■ Required work ■
Look below for the line holding "Generation Lighting 4461604-112" and the line holding "Cine: GUIA SANTISIMO MOISES --DUDLEY MOORE". Transcribe exactly those lines and all lines between them, nothing more.

■ Data records ■
########
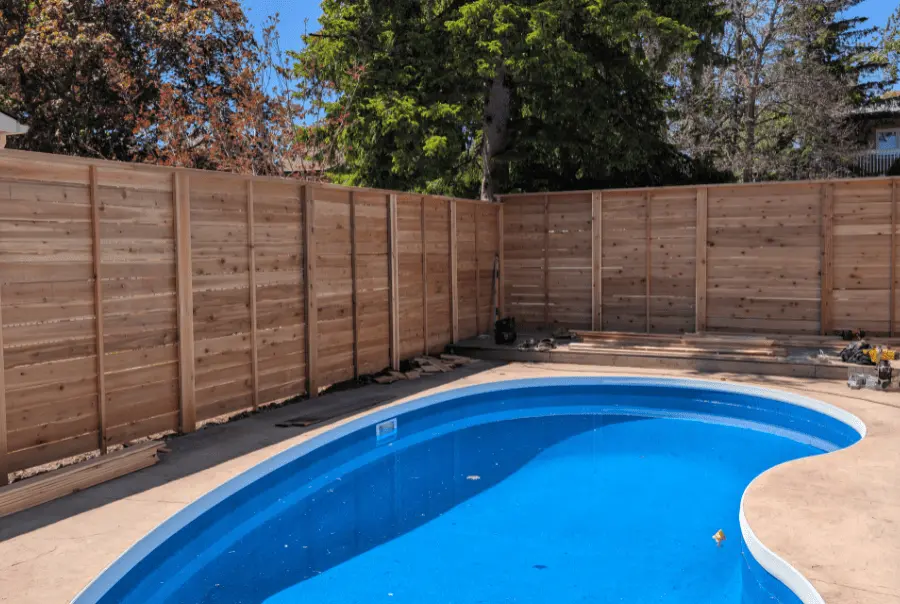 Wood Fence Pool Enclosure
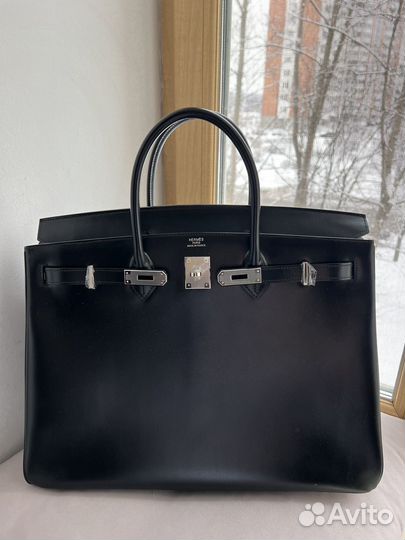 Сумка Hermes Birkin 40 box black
########
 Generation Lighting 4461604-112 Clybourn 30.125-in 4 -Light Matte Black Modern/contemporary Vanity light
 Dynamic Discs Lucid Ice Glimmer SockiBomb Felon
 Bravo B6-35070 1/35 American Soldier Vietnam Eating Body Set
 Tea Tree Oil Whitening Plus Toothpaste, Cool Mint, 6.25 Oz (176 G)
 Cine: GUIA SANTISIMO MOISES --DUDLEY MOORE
########
■ Answer area ■
 Generation Lighting 4461604-112 Clybourn 30.125-in 4 -Light Matte Black Modern/contemporary Vanity light
 Dynamic Discs Lucid Ice Glimmer SockiBomb Felon
 Bravo B6-35070 1/35 American Soldier Vietnam Eating Body Set
 Tea Tree Oil Whitening Plus Toothpaste, Cool Mint, 6.25 Oz (176 G)
 Cine: GUIA SANTISIMO MOISES --DUDLEY MOORE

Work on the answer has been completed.